Recall the last time you were overwhelmed, melting down, or spiraling; sometimes is like an existential wound rising up from our soul like a fog over a dank swamp.
Sometimes, it’s just that our Inner Child Gremlin™ hasn’t eaten, slept, drunk water, or talked to a single friendly human in six hours.
A lot of people picture their inner child as a doe-eyed, timid protagonist a lot of the time. Mine- and probably yours sometimes- is actually a chaotic little creature with crumbs, sticky fingers, emotions that feel too-big, and a flair for the dramatic because she missed snack time.
Meet Your Gremlin: The Emotional Goblin Union Rep
Your Inner Child Gremlin doesn’t care about your calendar, obligations, or ambition. It cares about survival-level comforts:
- Am I hungry?
- Am I tired?
- Am I lonely?
- Am I overwhelmed, overstimulated, or otherwise feral?
If the answer to any of these is “yes,” the Gremlin will begin union negotiations in the form of:
- Snappiness
- Catastrophizing
- Crying over dropped snacks
- Doom scrolling
- Contemplating burning your life down for no reason
- Suddenly declaring that everyone hates you
Let me introduce you to a quick body check-in method: HALT or The Inner
Gremlin Care Manual
It’s basically a fancy acronym for:
“Have you tried giving the Gremlin a snack?”
HALT stands for Hungry, Angry, Lonely, Tired.
When any of these categories is outstanding it can feel like the world is ending, which is exactly what our nervous system is designed to do.
Heres a quick break down;
H — Hungry
Is your blood sugar on the floor?
Have you consumed nothing but caffeine and spite today? Congratulations, your Gremlin is staging a coup.

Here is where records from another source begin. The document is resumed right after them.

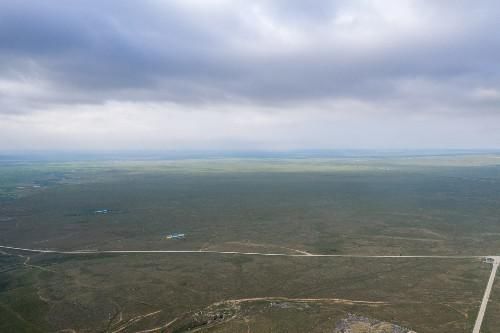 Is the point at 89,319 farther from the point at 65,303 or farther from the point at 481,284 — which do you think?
the point at 481,284

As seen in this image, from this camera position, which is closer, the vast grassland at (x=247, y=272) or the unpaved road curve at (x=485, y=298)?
the unpaved road curve at (x=485, y=298)

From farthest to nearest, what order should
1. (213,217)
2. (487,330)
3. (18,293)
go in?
1. (213,217)
2. (18,293)
3. (487,330)

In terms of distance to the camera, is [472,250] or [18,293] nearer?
[18,293]

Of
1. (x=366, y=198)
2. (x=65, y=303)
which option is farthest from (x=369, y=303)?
(x=366, y=198)

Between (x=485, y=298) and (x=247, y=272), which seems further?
(x=247, y=272)

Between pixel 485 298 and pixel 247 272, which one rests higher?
pixel 485 298

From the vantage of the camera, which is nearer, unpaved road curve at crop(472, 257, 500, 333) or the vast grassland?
unpaved road curve at crop(472, 257, 500, 333)

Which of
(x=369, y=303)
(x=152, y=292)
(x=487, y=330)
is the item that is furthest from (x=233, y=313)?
(x=487, y=330)

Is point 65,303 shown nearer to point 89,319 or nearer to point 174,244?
point 89,319

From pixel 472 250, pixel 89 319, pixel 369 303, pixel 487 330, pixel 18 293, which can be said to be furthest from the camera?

Fix: eat literally anything that didn’t come out of a vending machine fight.
A — Angry (or Anxious)
Our Gremlins aren’t great at emotional literacy. Everything gets labeled as “MAD” or “AHHh.”
Sometimes anger is actually fear, sadness, or overwhelm wearing a leather jacket.
Fix:
- pace,
- stretch,
- shake your hands like you’re expelling demons, • say, “This is uncomfortable but not dangerous,” or
- scream into a pillow like a Victorian ghost.
L — Lonely
Your Gremlin is a social creature. Not necessarily people social—maybe “send meme to trusted human” social.
Fix:
Text someone, sit in a café, pet something fuzzy, or say one human sentence out loud.
T — Tired
Every single emotion is 800% worse when you haven’t slept. Gremlins become tiny drunk toddlers after 9pm.
Fix:
Nap, sit down, close your eyes for two minutes, burrito yourself in a blanket like a healing salve.
Self-Soothing = Gremlin Enrichment Activities
Sometimes our inner coding will tell us that self-soothing is not something an adult should need or do. However, the fact is that self-soothing will help you re-regulate faster than a self-imposed lecture ever will.
Here are some of my favorite Self-soothing activities:
- warm drink
- soft textures
- cozy nook
- familiar show
- weighted blanket
- stepping outside for one (1) lungful of fresh air
- letting your brain stare blankly at a wall like it’s buffering
When You Treat the Gremlin with Care… It Stops Biting
This is the part people underestimate.
The Inner Child Gremlin doesn’t need you to be perfect.
It needs you to show kindness, curiosity, and maybe a nap.
So next time you’re spiraling?
Check if the Gremlin is just hungry.